La Cour était composée de :
Monsieur Jean-Wilfrid NOEL, Président
Mme Claire OUGIER, Présidente de chambre
Mme Magali VINCENT, Conseillère
qui en ont délibéré.
Greffier lors des débats : Madame Laure METGE.
Les parties ont été avisées que le prononcé de la décision aurait lieu par mise à disposition au greffe, après prorogation, le 09 Octobre 2025.
ARRÊT
Contradictoire,
Prononcé par mise à disposition au greffe le 09 Octobre 2025,
Signé par Monsieur Jean-Wilfrid NOEL, Président et Madame Laure METGE, greffier auquel la minute de la décision a été remise par le magistrat signataire.
***
FAITS ET PROCEDURE
M. [D] [L] est titulaire d’un compte ouvert dans les livres de la Société Générale.

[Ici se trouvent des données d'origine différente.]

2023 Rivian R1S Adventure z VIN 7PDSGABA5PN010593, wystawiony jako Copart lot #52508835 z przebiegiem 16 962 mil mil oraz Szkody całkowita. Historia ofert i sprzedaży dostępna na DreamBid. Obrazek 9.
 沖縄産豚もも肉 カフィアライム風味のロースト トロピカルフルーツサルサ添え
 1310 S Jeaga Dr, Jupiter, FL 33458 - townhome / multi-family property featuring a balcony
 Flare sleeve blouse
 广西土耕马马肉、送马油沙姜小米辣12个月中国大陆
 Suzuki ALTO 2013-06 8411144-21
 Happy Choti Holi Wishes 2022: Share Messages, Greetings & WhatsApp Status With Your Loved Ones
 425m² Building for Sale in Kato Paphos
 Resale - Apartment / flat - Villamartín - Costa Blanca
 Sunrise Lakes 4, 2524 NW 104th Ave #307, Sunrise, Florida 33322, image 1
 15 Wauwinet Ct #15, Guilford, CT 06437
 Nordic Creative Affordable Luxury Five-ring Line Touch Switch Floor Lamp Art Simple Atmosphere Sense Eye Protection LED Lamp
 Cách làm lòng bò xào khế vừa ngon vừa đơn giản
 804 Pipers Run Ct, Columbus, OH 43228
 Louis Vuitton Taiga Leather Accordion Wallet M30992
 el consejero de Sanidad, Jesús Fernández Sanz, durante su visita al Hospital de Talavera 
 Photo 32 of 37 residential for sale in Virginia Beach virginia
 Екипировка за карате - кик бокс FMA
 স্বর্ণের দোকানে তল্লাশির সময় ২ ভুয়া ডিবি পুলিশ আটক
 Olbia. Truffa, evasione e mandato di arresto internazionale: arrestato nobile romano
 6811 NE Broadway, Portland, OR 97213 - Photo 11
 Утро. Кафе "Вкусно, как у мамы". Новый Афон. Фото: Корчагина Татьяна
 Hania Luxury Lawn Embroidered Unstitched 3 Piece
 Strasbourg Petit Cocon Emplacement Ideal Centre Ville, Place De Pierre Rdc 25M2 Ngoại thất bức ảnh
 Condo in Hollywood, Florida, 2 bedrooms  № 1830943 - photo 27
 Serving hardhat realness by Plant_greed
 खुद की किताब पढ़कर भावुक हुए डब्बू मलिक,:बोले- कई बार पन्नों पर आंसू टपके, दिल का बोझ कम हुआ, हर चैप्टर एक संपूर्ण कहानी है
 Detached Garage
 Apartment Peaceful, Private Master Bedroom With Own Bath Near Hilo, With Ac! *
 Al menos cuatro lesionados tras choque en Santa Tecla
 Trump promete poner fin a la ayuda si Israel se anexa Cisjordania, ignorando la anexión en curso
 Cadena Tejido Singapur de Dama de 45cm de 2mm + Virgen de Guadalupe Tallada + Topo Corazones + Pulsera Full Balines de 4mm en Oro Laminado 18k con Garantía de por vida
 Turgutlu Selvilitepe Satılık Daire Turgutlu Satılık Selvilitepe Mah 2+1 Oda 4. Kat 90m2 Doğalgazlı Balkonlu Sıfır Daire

Par exploit du 1er août 2017, il a fait assigner cette banque devant le tribunal de grande instance de Nice aux fins de la voir condamner sous astreinte à lui communiquer les relevés et pièces comptables permettant de déterminer de quelle manière et sur quel compte a été crédité un chèque tiré sur la Caisse des règlements pécuniaires des avocats (CARPA), d’un montant de 200 000 euros, libellé à son ordre et qu’il disait avoir déposé auprès de la banque pour encaissement sur son compte.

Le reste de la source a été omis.